Les droits fondamentaux des êtres humains, la sécularisation des personnes, l’importance de la laïcité ou l’apport des sciences humaines et sociales sont des sujets essentiels des sociétés plurielles et multiconfessionnelles. Face à ces défis, nous devons favoriser les réseaux d’information, de communication et d’entraide. Les formateurs et les médias sont déterminants et ne doivent être ni caporalisés ni abandonnés. Pourquoi les médias ne parlent-ils d’islam et de musulmans que lors de faits divers ? N’y a-t-il pas de manifestations culturelles, intellectuelles, artistiques ou philosophiques portées par ce quart de l’humanité ? Cette spiritualité n’a-t-elle pas aussi des subtilités et des vérités profondes dignes d’intérêt ?

Aujourd’hui, c’est le monde entier que nous devons comprendre

À l’école primaire, j’avais appris que l’Europe, c’était « la France en grand ». Aujourd’hui, c’est le monde entier que nous devons comprendre. Pour être plus forts, pour rayonner. Car ne pas voir que j’ai besoin de l’autre, qui loin de me diminuer, m’enrichit, est non seulement immoral, mais suicidaire.

Les Japonais ont une manière délicate de célébrer le plaisir du moment, comme la beauté de l’instant fugace des cerisiers en fleur. C’est un temps à apprécier, ou plutôt un moment simple de bonheur parfait à saisir, appelé ichigo ichie, avec quatre émotions primordiales : la Colère, qui appartient au passé, alimentée par un mauvais souvenir ; la Tristesse, aussi tournée vers hier, nourrie par la perte ou le rappel du deuil ; la Peur, qui anticipe une mauvaise expérience du futur ; et enfin la Joie, seule émotion positive, résolument ancrée dans l’instant présent.

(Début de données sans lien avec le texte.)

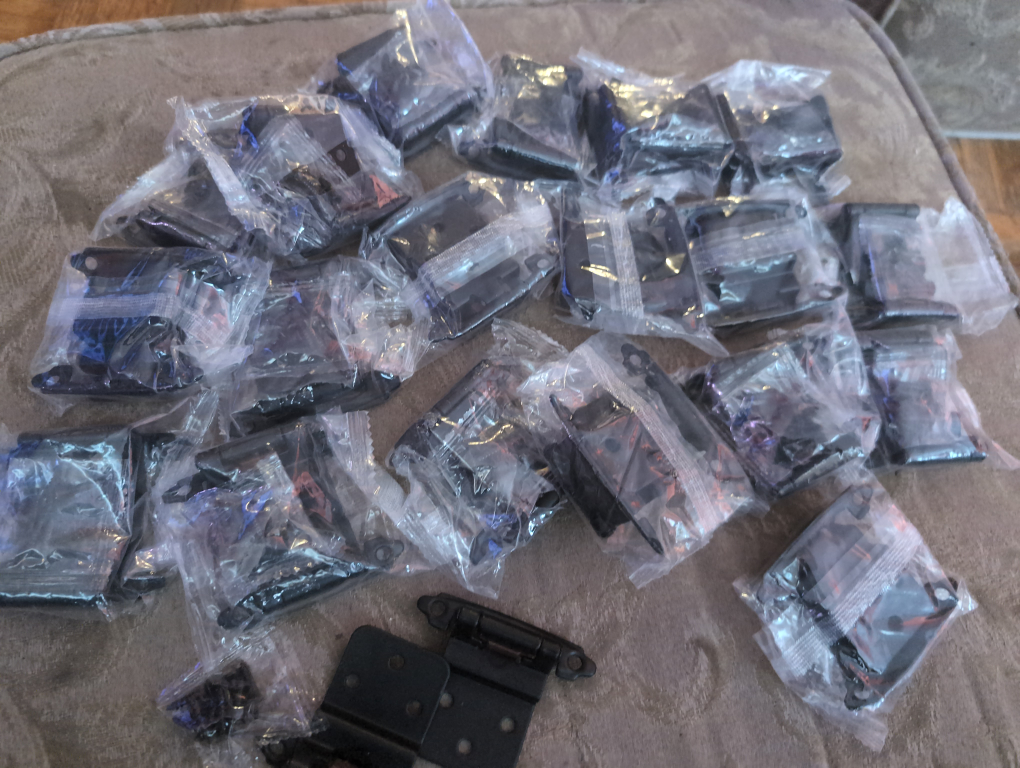 Bulk Lot of Black Cabinet Hinges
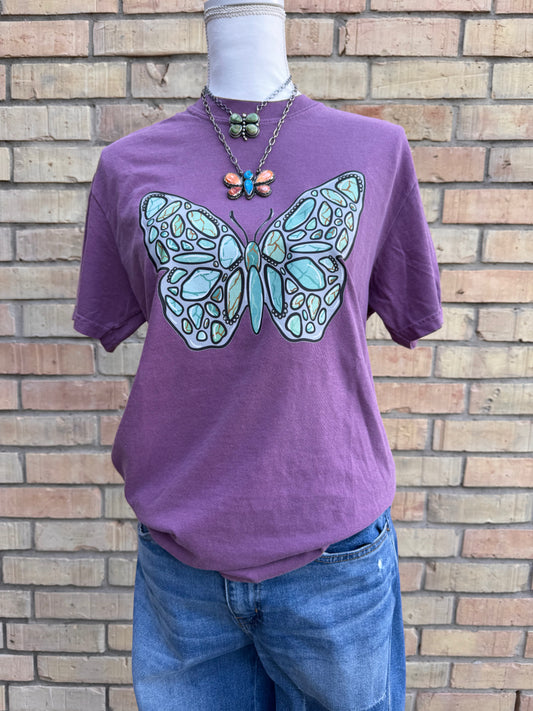 Turquoise butterfly CC Top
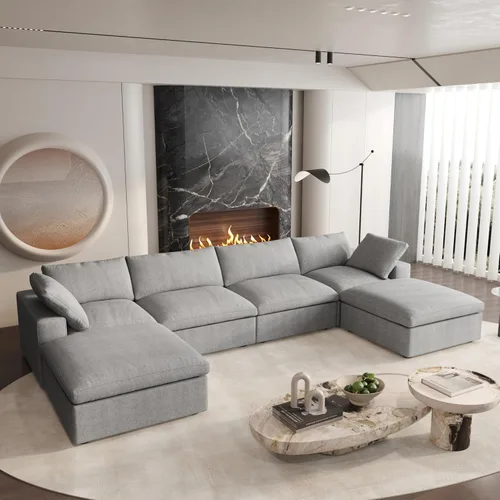 Vista 31 de Cloud - Sofá modular convertible de 80.3 pulgadas en forma de L para sala de estar con otomana de almacenamiento, sofás profundos minimalistas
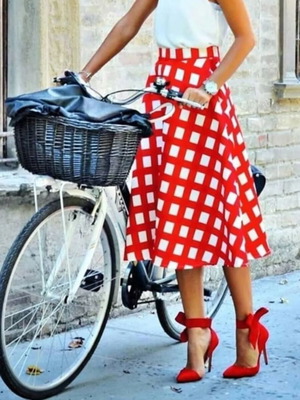 A-line skirt new, white and red, size S
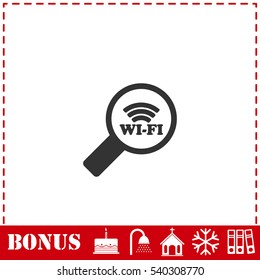 Search wi-fi connection icon flat. Simple vector symbol and bonus icon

« Là où il n’y a pas d’espoir, nous devons l’inventer », disait Camus, à nouveau. L’enjeu démocratique n’a jamais été aussi vif. Les difficultés ne doivent pas servir à attiser les vents mauvais des haines, sans résoudre les problèmes de ceux qui se sentent exclus, déclassés ou non représentés. Les jeunes y sont particulièrement sensibles, devenant plus conservateurs que leurs aînés, de manière d’autant plus malheureuse que l’extrême droite, enfermée dans la pensée magique, ignore le présent. Son discours n’est que déclinisme, diatribes racistes alimentées par la Colère et la Tristesse d’un passé mythifié, avec la Peur d’un futur menacé par ces métèques qui veulent le corrompre. Pourtant, c’est la Joie, ancrée dans l’instant présent, qui peut éclairer notre voie, celle d’une France fidèle à ses principes républicains et ouverte sur le monde.